### Caption-style text data
#####

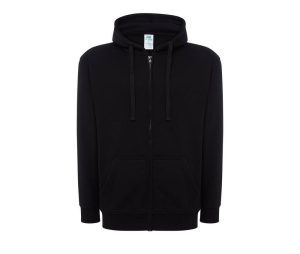 Felpa con cappuccio e zip JHK JK297 Nero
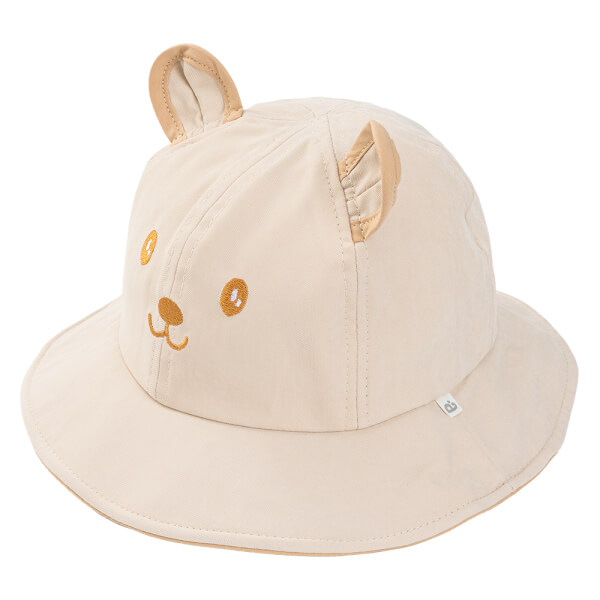 Nón bé gái lớn 3-6Y vành tròn Animo A2510_MN010 (52cm, Kem)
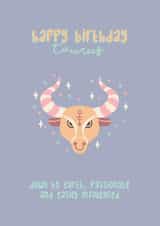Taurus Zodiac Birthday Card  created by Laura Mason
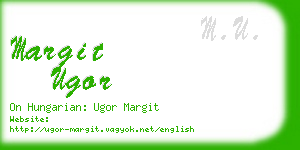 margit ugor business card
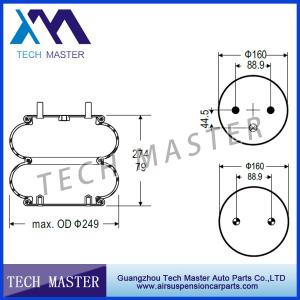 Wholesale Double Convoluted Industrial Air Spring Truck Air Suspension W01-358-6908 from china suppliers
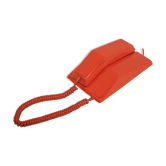 Téléphone orange vintage
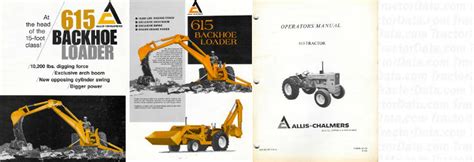 Allis Chalmers 615 Tractor Information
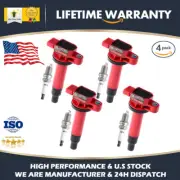 4X Ignition Coils & Platinum Spark Plugs For Toyota Yaris Prius xA xB Echo UF316 (for: Toyota)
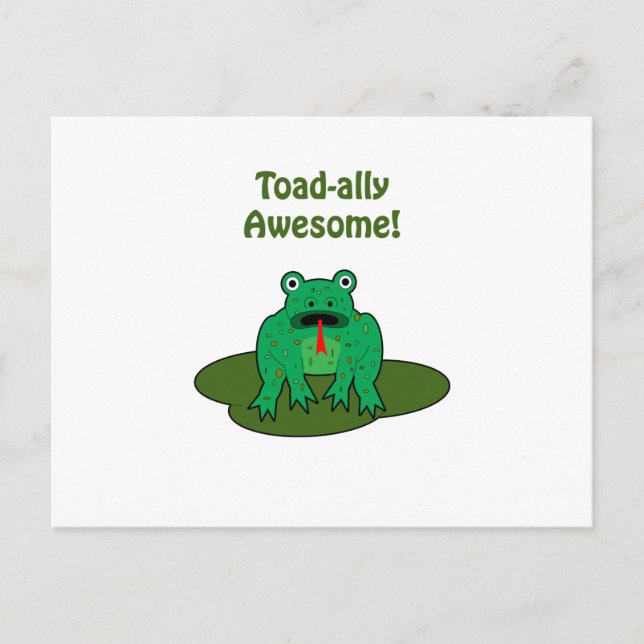 Cartão Postal Toad-ally Incrível (Frente)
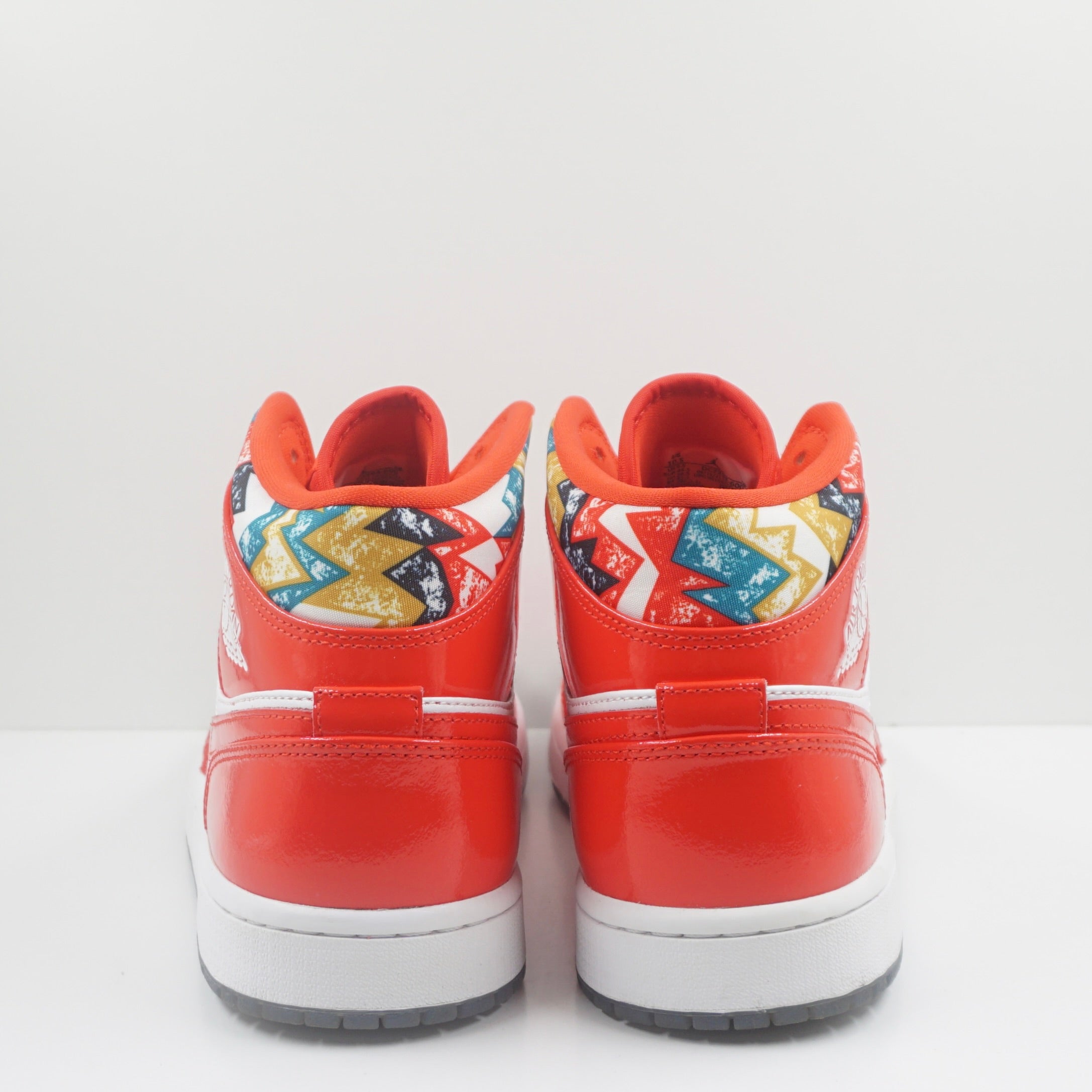 Jordan 1 Mid Barcelona Sweater Red Patent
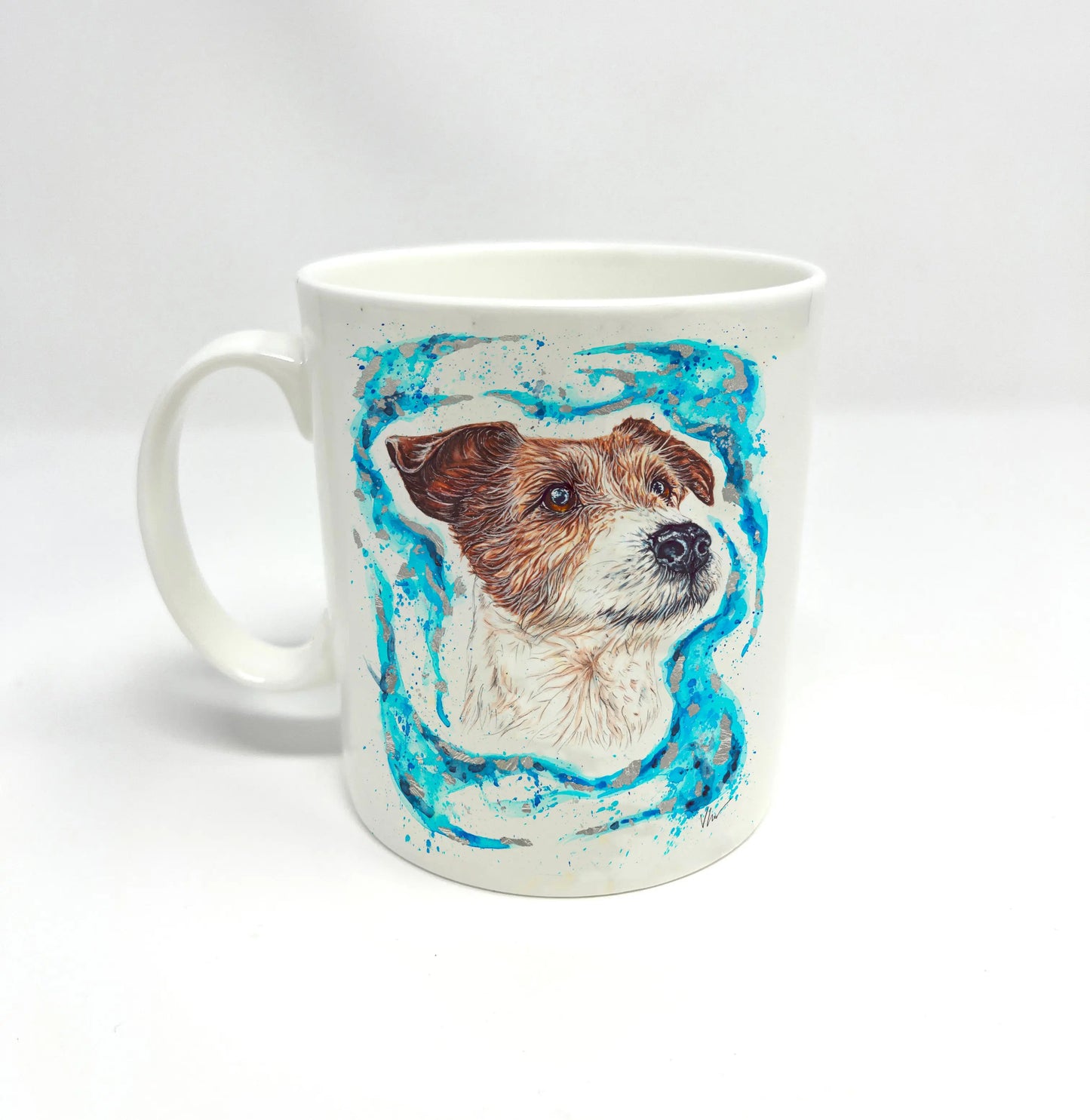 Rupert the Jack Russell Patronus - Bone China Mug Victoria Gordon Art Trade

#####

### Your instructions
Take the records above from their first line through the line with "Allis Chalmers 615 Tractor Information" and set those lines down word for word, minus the pictures.

### Task response
 Felpa con cappuccio e zip JHK JK297 Nero
 Nón bé gái lớn 3-6Y vành tròn Animo A2510_MN010 (52cm, Kem)
Taurus Zodiac Birthday Card  created by Laura Mason
 margit ugor business card
 Wholesale Double Convoluted Industrial Air Spring Truck Air Suspension W01-358-6908 from china suppliers
 Téléphone orange vintage
 Allis Chalmers 615 Tractor Information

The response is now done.